Configuration Management

Each stage of the staged delivery pipeline that provisions an application environment has an associated environment defined within the configuration management tool (in our case Chef). We tend to think of configuration existing within a hierarchy:

  • Defined by the platform, cannot be overridden.
  • Defined by the platform, can be overridden.
  • Defined by the development team, cannot be overridden.
  • Defined by the development team, can be overridden.
  • Defined by operations.

This hierarchy helps to achieve consistency where required but also allows flexibility. For example, we typically deploy tomcat servers in the same way but some applications use JNDI or JMX and they require the flexibility to deploy additional services or resources. In our case, this is achieved declaratively by specifying this information within the configuration management tool.

Application Blueprint

The ‘Application Blueprint’ is a term we borrowed from the guys at GigaSpaces. This is how they refer to an application as deployed via Cloudify. While we don’t use many of the Cloudify features, we do use it to manage the dependencies between ‘Application Services’ and to stereotype the nodes as they are being provisioned. We also abstract our use of Cloudify from the consumers of our PaaS services for the reasons I identified earlier (i.e. cost of divorce should the PaaS marketplace start to converge).

Note: Each cluster represents an application service tier and each instance (or node) represents an application service. The dependency relationship is a directed graph as opposed to a tree as Figure 6 depicts.

The Application Service

Application Service is another term borrowed from Cloudify and refers to a distinct service. For example in Figure 6 Tomcat and Cassandra are both Application Services.

From an implementation perspective, a top level Chef recipe corresponds to an Application Service. Of course, a top-level recipe is a composite of other recipes.

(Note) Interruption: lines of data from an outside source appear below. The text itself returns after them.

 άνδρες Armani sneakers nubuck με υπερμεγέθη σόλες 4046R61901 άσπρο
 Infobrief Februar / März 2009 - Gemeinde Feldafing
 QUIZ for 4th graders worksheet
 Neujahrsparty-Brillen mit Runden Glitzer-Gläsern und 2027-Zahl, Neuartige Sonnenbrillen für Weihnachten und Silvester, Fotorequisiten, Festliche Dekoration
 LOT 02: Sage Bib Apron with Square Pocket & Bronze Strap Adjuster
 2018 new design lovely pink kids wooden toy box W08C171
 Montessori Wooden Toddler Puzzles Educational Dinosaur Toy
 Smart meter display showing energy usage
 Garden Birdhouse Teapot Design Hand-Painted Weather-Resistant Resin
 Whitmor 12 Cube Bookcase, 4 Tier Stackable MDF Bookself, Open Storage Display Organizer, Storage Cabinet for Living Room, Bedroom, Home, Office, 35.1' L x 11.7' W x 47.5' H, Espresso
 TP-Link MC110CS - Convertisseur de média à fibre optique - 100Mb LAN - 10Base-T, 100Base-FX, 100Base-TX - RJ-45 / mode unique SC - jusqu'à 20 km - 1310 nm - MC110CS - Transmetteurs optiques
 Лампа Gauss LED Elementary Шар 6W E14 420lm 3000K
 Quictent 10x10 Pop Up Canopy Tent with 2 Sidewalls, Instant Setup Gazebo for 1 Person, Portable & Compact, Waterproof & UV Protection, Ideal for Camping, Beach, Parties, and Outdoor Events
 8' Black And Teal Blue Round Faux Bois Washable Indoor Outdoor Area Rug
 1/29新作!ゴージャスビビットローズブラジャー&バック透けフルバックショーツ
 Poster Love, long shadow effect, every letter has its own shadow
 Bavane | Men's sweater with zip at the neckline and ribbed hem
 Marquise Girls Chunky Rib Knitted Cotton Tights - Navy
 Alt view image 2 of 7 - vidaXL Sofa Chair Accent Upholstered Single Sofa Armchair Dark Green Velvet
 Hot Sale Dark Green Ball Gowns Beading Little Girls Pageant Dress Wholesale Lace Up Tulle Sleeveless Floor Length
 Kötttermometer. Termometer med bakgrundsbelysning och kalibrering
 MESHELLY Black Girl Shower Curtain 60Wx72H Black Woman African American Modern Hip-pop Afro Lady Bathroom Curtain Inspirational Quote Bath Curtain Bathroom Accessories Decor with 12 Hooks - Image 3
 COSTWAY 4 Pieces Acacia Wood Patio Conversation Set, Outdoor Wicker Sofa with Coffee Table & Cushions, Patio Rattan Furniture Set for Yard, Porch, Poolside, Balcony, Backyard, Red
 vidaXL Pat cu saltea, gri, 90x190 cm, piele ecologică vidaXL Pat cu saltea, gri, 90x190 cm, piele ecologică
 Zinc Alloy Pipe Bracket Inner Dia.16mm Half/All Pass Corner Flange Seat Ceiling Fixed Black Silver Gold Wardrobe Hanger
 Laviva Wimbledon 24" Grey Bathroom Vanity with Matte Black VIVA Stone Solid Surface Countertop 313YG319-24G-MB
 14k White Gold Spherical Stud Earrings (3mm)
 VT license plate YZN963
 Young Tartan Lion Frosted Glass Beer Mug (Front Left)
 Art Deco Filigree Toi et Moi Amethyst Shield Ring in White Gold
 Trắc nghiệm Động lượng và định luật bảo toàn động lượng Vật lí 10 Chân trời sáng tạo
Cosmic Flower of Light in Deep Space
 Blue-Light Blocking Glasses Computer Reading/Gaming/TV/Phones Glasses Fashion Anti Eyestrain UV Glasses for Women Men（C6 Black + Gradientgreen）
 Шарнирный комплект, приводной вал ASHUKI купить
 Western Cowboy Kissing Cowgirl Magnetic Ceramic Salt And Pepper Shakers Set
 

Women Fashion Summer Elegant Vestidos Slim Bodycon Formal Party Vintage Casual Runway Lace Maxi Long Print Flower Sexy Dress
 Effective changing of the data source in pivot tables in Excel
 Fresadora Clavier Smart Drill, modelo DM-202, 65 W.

Interestingly, we use the same pipeline to develop and promote Chef recipes as we do for any other software artefact.

Environment Provisioning

Entire environments are provisioned and un-provisioned as part of the lifecycle of a number of stages within the delivery pipeline. The environment information (e.g. IP addresses of nodes etc.) is exported to the execution context and is then available to the configuration management tooling, test infrastructure etc. As a result all servers are considered immutable (see Fowler on Immutable Servers).

A negative side effect of this is that the number of nodes provisioned and un-provisioned in this manner dictates the cycle time of the pipeline. We don’t see this as a problem because we believe in the Single Responsibility principle (i.e. if your deploying lots of nodes to test an application, the application is probably doing too much!).

Shared Services

My fingers are now bleeding so I want to wrap this up, but I can’t finish without tipping my hat to some of the shared services we have evaluated and implemented recently.

The first is Log Aggregation and Log Analytics. Because many of our environments are transient, shipping logs (i.e. aggregation) is really important. Using Logstash for log aggregation has the added advantage that not only does it support aggregation and search but it also supports building dashboards via Kibana to provide additional insight. The PaaS itself uses Kibana in this way.

The second such service is Application Performance Monitoring (APM). In its best form, agents intelligently and dynamically instrument the code to extract monitoring information. This creates great insight during the build, test, deploy and execute phases of the application lifecycle.

I mentioned at the beginning that we saw this initiative as an enabling platform for DevOps. Shared tooling enables DevOps by creating a common language and window onto the application.

Lights out on 2013!

It’s lights out on 2013 and it’s been good to reflect on what has been achieved. It’s been an interesting and challenging year and I’ve been very fortunate to work with a great team on all of the above. Roll on 2014!!

I hope this has been useful and I would love to hear any questions you might have or read about your PaaS or Continuous Delivery story.